● WHAT THIS TASK INVOLVES
Every line of the listing below should be written out exactly, minus its images.

● SUPPLIED MATERIAL

^^^^

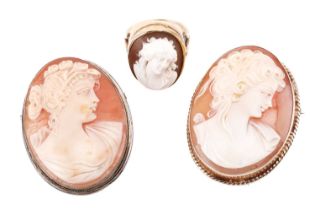A shell cameo ring featuring a profile of a lady in high relief, the shank marked '9ct', ring size M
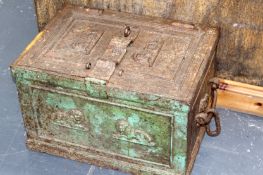 An early 19th Century iron strong box of panelled form. Relief decoration of recumbent lions.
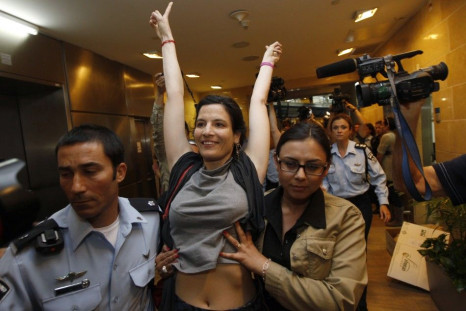 Israeli police escort a pro-Palestinian Israeli activist at Ben Gurion International Airport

^^^^

● OUTPUT FOR THIS EXERCISE
A shell cameo ring featuring a profile of a lady in high relief, the shank marked '9ct', ring size M
 An early 19th Century iron strong box of panelled form. Relief decoration of recumbent lions.
 Israeli police escort a pro-Palestinian Israeli activist at Ben Gurion International Airport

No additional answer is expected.